(Entries taken from a collection)
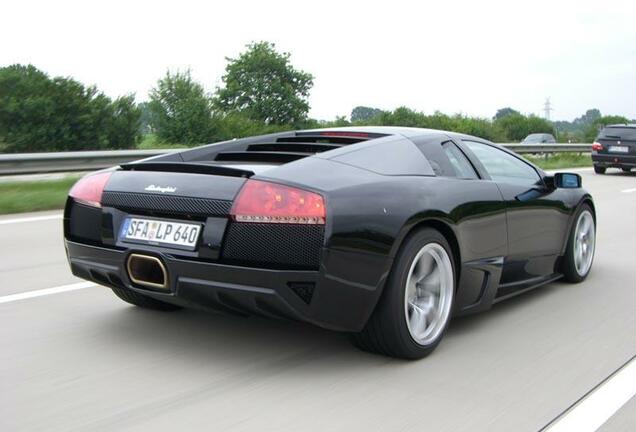 Lamborghini Murciélago LP640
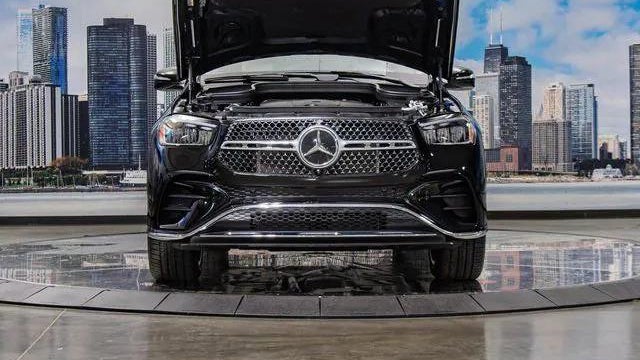 2026 Mercedes-Benz GLE GLE 450 4MATIC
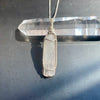 Scolecite Crystal Pendant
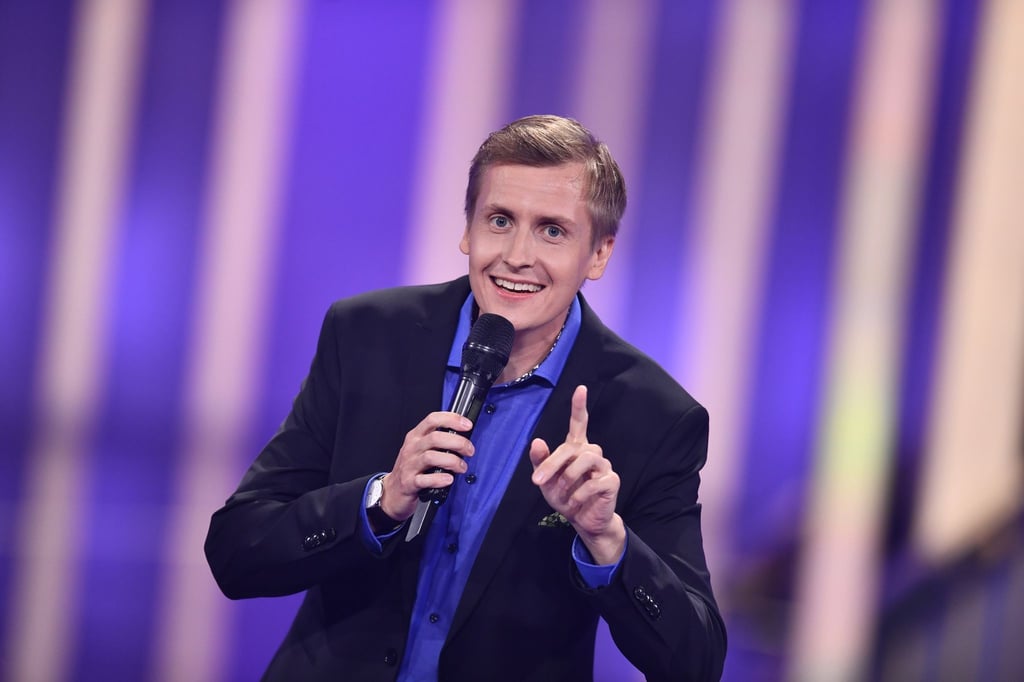 Bayerischer Kabarettpreis geht an Till Reiners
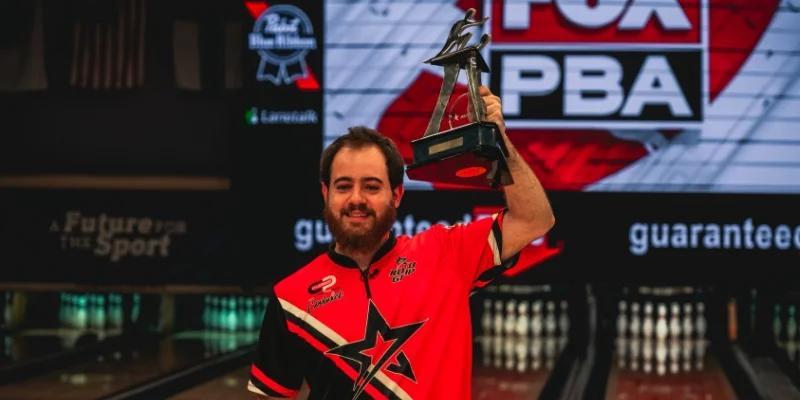 Future G.O.A.T.? Anthony Simonsen takes another step toward assuming Jason Belmonte’s throne with win in 2023 USBC Masters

[YOUR TASK] Print out the records in full and exactly, dropping every picture.

[RESPONSE]
 Lamborghini Murciélago LP640
 2026 Mercedes-Benz GLE GLE 450 4MATIC
 Scolecite Crystal Pendant
 Bayerischer Kabarettpreis geht an Till Reiners
 Future G.O.A.T.? Anthony Simonsen takes another step toward assuming Jason Belmonte’s throne with win in 2023 USBC Masters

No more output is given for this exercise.